September 16th, 2008 at 11:51 pm
Good tip! Especially for long or difficult words, I can see how you can capture a bit of traffic for subjects you blog about. I think I’ll try that and see what the results are.
September 17th, 2008 at 4:50 am
Great post Neil. I never thought of intentionally mispelling a keyword in my blog posts. I guess because I’m such a bad speller anyways, and my wife would never let me get away with it
September 17th, 2008 at 7:33 pm
Hi Vols, including mis-spelling in the title is also one way of attracting such traffic. Good one.
Rif Chia
September 17th, 2008 at 10:10 pm
I am looking for 30-40 people to visit my blog…However, i want them to stay there and comment…Rather, then just drop in and thats it…
September 18th, 2008 at 6:27 am
I assumed Google only indexed the content of the post rather than the comments too.
I have purposely put in alternative spellings of keywords on occasion not to trick people into finding me, but to attract the widest range of people looking for the information I have.
I’ll definitely give the comments technique a try. It sure isolates the alternative spellings in a more organized way.
September 21st, 2008 at 5:48 pm
I not sure whether this is work because those mis-spelling words are seldom search by user. However, I would like to try on it and see the effectiveness.
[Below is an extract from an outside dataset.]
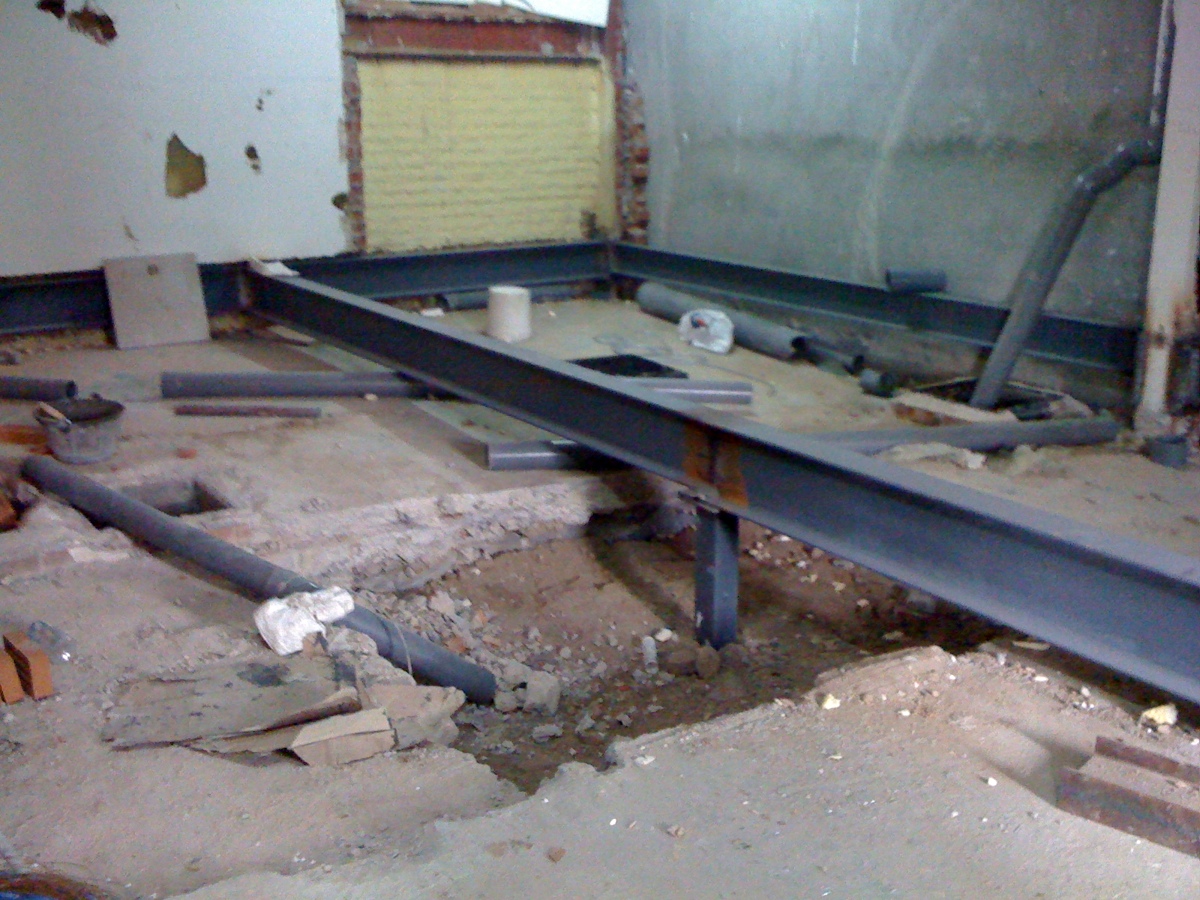 Rehabilitación Edificio Viviendas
Thanks for sharing your experience
September 23rd, 2008 at 3:10 am
Mis-spellings indeed bring in organic traffic too, however it does not cover a huge percentage. One thing to take note is: This mis-spelling traffic actually represent searcher who are also looking for something in mind that your website has to offer.
Roger Hamilton
September 24th, 2008 at 11:30 am
We’ve used misspelling in English and in German and it has brought us traffic in the past.
And it still does today, so we keep using this technique.